In this immersive online performance, the audience is invited into this fictitious world as voting members of the town. Thanks to Zoom polling and the select board’s open floor for discussion, the audience will decide the fate of the Clement monument as well as the ending of the piece itself. 

“Think of The Monument as Our Town set in 2020: less swooning about memories of mom’s breakfast and a lot more arguing,” says NVU Assistant Professor of Performing Arts Isaac Eddy.

The Monument is an original production written by an ensemble of students. Professor Eddy advises the students and directed the show. The piece is inspired by primary source artifacts of suffrage history and Vermont’s current political climate. 

It is also the inaugural production of NVU Johnson’s new Performance, Arts, and Technology (PAT) program, which focuses on multidisciplinary collaboration and student-led creation of new and experimental performance works.
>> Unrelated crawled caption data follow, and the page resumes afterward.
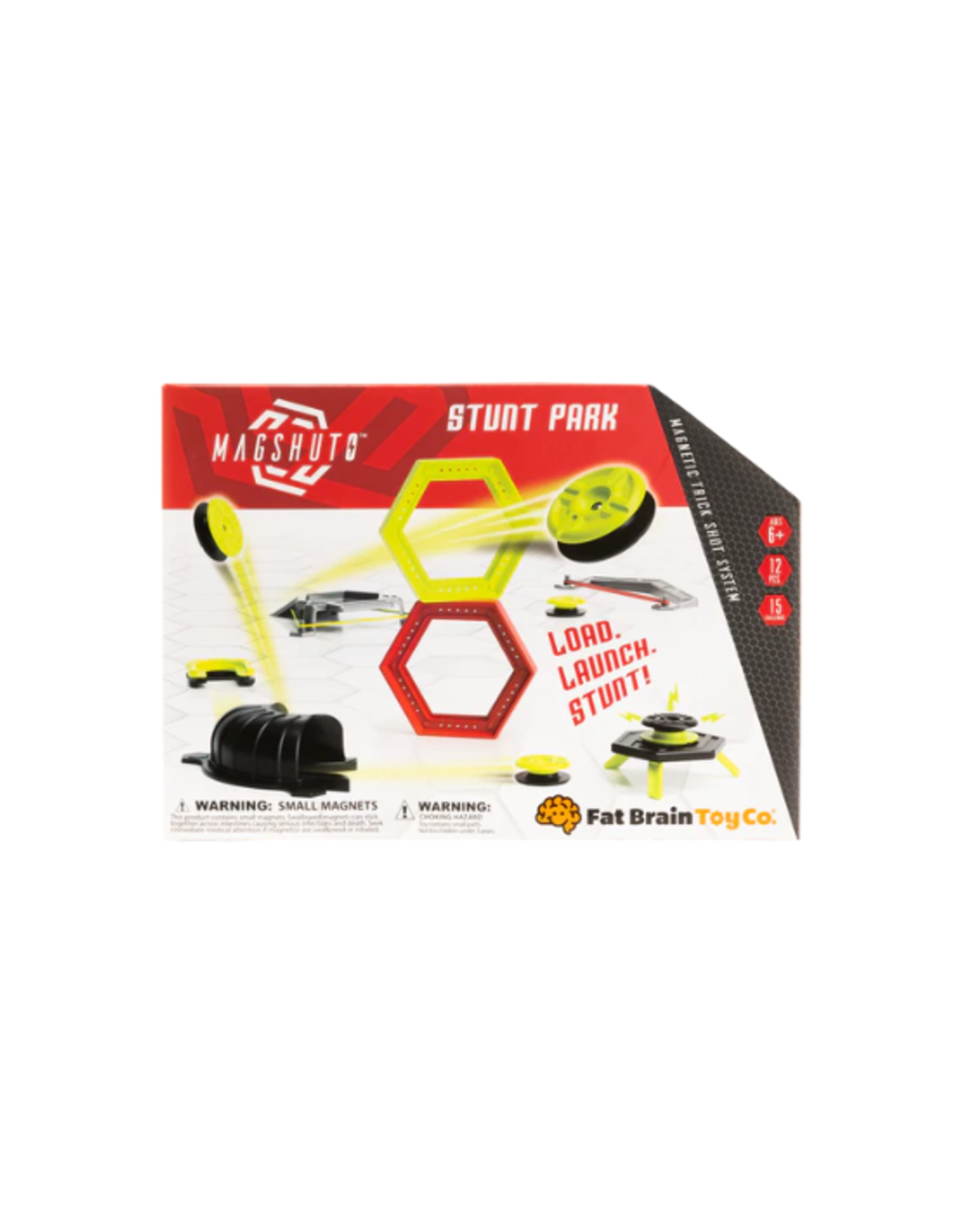 Fat Brain Toy Co. Fat Brain Toy - Magshuto Stunt Park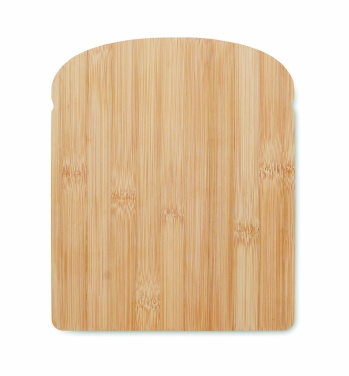 Logo trade promotional merchandise picture of: Bamboo bread cutting board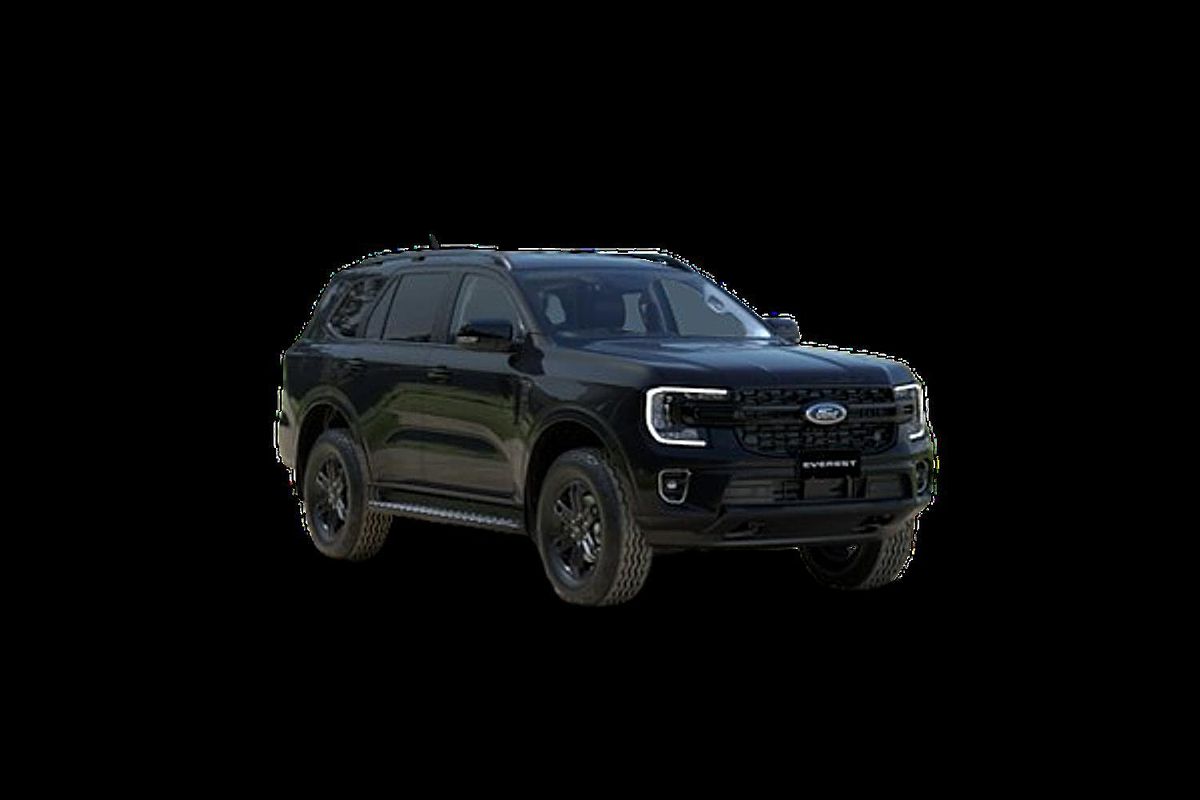 2026 Ford Everest Black Edition 2.0L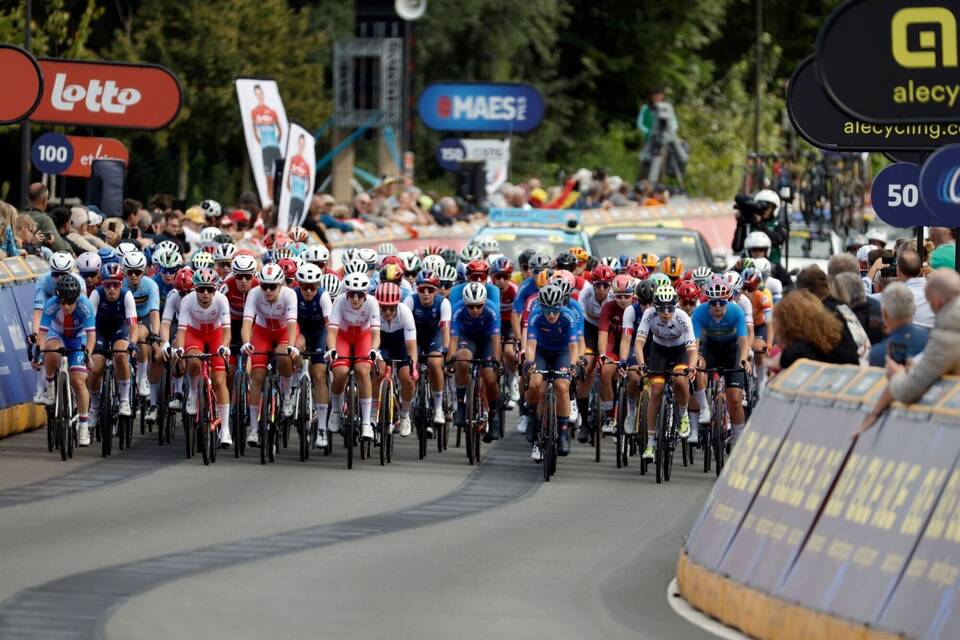 Radsport-EM: Elite-Straßenrennen Frauen Radsport-EM: Elite-Straßenrennen Frauen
PAT program concentrations include Theatre/Musical Theatre, Music, Immersive Design, Dance, and Social Justice and Activism in Performance. 

Eddy, the program founder, drew from his years of experience performing as a Blue Man in the show Blue Man Group to create this unique approach to the arts in higher education. 

“The collaboration and communication skills that are engaged in a multidisciplinary program like this one offer a fantastic opportunity for the performing artists and designers of the future,” Eddy said.